[[ Recorded data, beginning ]]

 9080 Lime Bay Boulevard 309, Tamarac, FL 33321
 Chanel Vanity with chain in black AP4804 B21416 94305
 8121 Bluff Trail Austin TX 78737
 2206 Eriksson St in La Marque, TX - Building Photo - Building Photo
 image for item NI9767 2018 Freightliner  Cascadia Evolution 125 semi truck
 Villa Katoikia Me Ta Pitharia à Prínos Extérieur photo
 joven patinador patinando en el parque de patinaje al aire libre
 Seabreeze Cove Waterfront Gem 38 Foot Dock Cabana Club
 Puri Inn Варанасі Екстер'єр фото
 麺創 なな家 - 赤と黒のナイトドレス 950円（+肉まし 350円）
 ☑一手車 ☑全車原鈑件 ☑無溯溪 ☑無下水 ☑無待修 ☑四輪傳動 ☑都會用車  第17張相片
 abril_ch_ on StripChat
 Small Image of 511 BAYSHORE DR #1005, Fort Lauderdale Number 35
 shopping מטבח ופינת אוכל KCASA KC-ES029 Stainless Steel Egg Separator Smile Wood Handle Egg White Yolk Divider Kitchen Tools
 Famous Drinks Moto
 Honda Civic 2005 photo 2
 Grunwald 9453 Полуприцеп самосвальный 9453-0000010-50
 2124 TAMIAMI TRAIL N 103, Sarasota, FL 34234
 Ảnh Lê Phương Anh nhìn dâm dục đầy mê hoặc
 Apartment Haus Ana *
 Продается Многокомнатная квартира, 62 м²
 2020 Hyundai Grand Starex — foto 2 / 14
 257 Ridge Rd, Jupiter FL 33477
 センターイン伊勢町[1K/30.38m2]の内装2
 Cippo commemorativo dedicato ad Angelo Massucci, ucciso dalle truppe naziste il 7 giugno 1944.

[[ Recorded data, end ]]

● About this task:
Repeat exactly the lines of the records from the one containing "Honda Civic 2005 photo 2" to the last, and include no line outside that stretch.

● Answer section:
 Honda Civic 2005 photo 2
 Grunwald 9453 Полуприцеп самосвальный 9453-0000010-50
 2124 TAMIAMI TRAIL N 103, Sarasota, FL 34234
 Ảnh Lê Phương Anh nhìn dâm dục đầy mê hoặc
 Apartment Haus Ana *
 Продается Многокомнатная квартира, 62 м²
 2020 Hyundai Grand Starex — foto 2 / 14
 257 Ridge Rd, Jupiter FL 33477
 センターイン伊勢町[1K/30.38m2]の内装2
 Cippo commemorativo dedicato ad Angelo Massucci, ucciso dalle truppe naziste il 7 giugno 1944.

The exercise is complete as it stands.